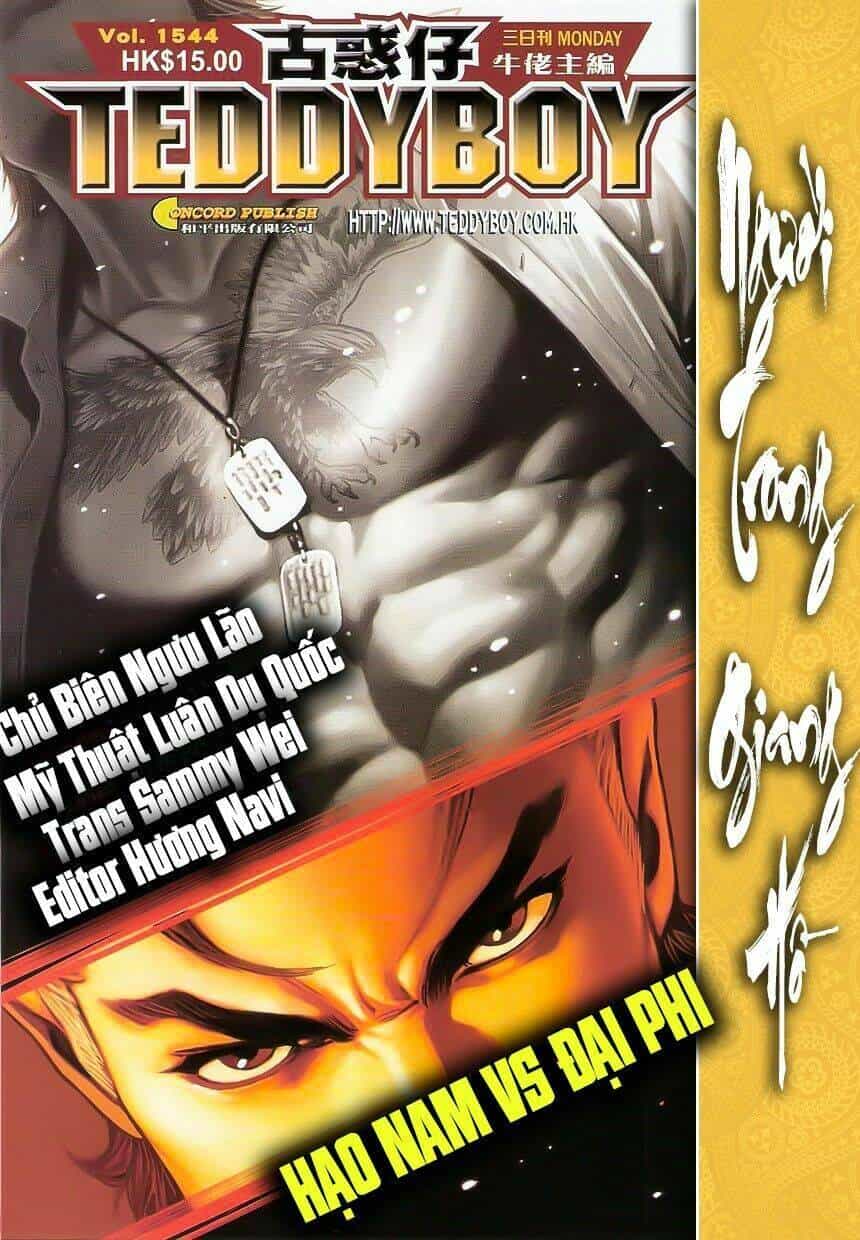 Người Trong Giang Hồ - Chương 1544 - ảnh 1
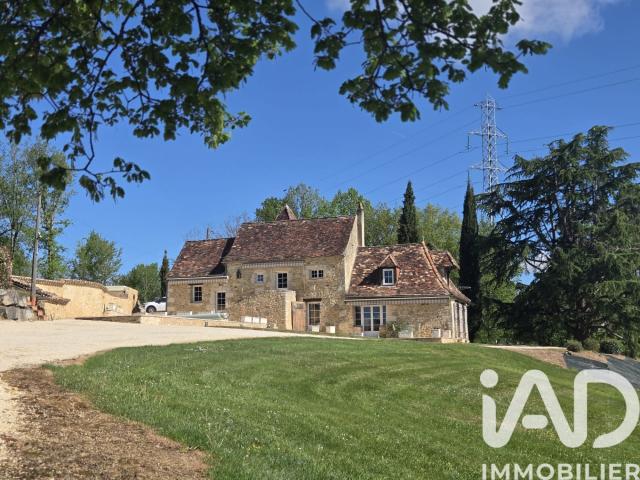 Maison vente à Bergerac, Lamonzie-montastruc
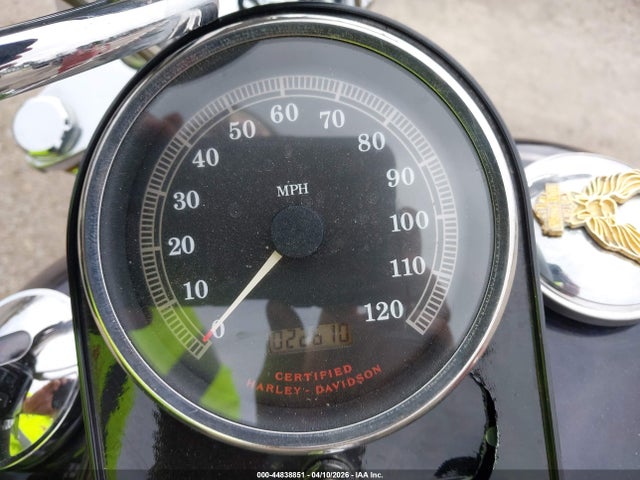 2001 HARLEY-DAVIDSON FXSTB 1HD1BTY191Y037966 Photo 6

• PROBLEM DESCRIPTION
Pictures stay out; everything else in the listing above gets repeated exactly.

• REPLY TO THE TASK
 Người Trong Giang Hồ - Chương 1544 - ảnh 1
 Maison vente à Bergerac, Lamonzie-montastruc
 2001 HARLEY-DAVIDSON FXSTB 1HD1BTY191Y037966 Photo 6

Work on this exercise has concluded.